Europe’s path to a carbon-neutral future depends on critical raw materials, yet their extraction and supply raise complex environmental and social questions. This workshop explores how new mining projects reshape territories and examines the justice dimensions of the EU’s green transition.

With the EU Green Deal to combat climate change and to achieve carbon neutrality by 2050, there is an increasing demand for raw materials such as lithium, cobalt, copper and nickel, essential for developing renewable and low-carbon technologies (wind turbines, solar panels, electric vehicles, etc.). Several of such minerals have been classified as “critical”, considering a supply risk due to the high demand.
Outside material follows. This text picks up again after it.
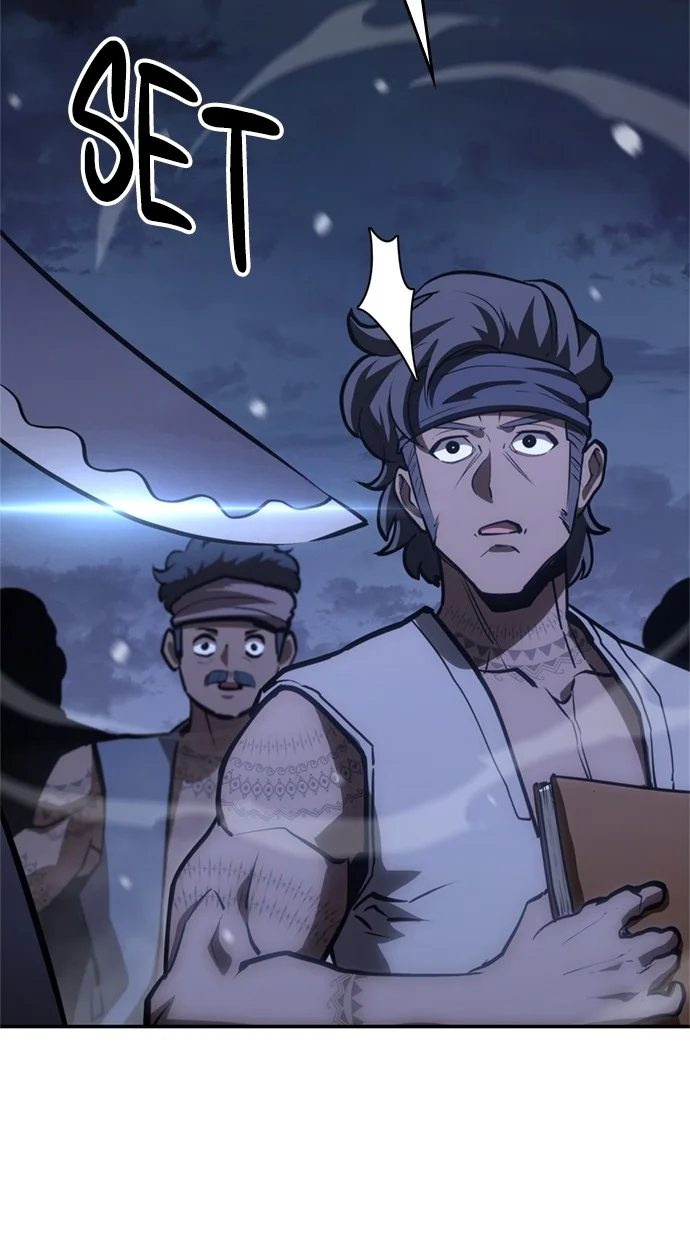 Assassin’s Creed Chapter 71 Gambar 109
Moreover, European countries produce a negligible amount of critical raw materials (CRM), they are thus depending on the import from other countries, especially China. To secure a reliable supply chain, and to enhance local mineral extraction, the EU has adopted the CRM Act in 2023 (European Commission, 2023; Kowasch et al., 2024).     

This workshop aims at investigating the territorial transformations of new CRM projects in Europe. We ask if the “green transition” is rather an add-on of different energy resources (carbon, oil and renewable energies), so that a real transition is unlikely to happen, as suggested by Fressoz (2024). With a focus on political ecology approaches and environmental justice, we also question social-environmental impacts, challenges and opportunities for local populations in mining affected areas.   

References:

  • European Commission (2023). Critical Raw Materials Act. Online: 

  • Fressoz, J.-B. (2024). Sans transition – Une nouvelle histoire de l‘énergie. Éditions du Seuil, Paris.
  • Kowasch, M., Batterbury, S.P.J., Baumann, C. et al. Not in my backyard? Prospects, problems and perceptions of lithium extraction in Austria. Energ Sustain Soc 15, 21 (2025). 

    https://doi.org/10.1186/s13705-025-00521-3

Supervision: Prof. Matthias Kowasch, Sorbonne University

Matthias Kowasch is (full) professor of Geography at Sorbonne University, Paris (France) and at the Research Unit “Médiations – Sciences de lieux, sciences des liens”. He holds a German-French PhD in Geography from the universities of Heidelberg and Montpellier III. His research focus on mining governance, political ecology, critical-emancipatory education for sustainable development, ecological “transition”, and Indigenous knowledge, with a geographical focus on Western Europe and South Pacific Islands, in particular New Caledonia and Vanuatu.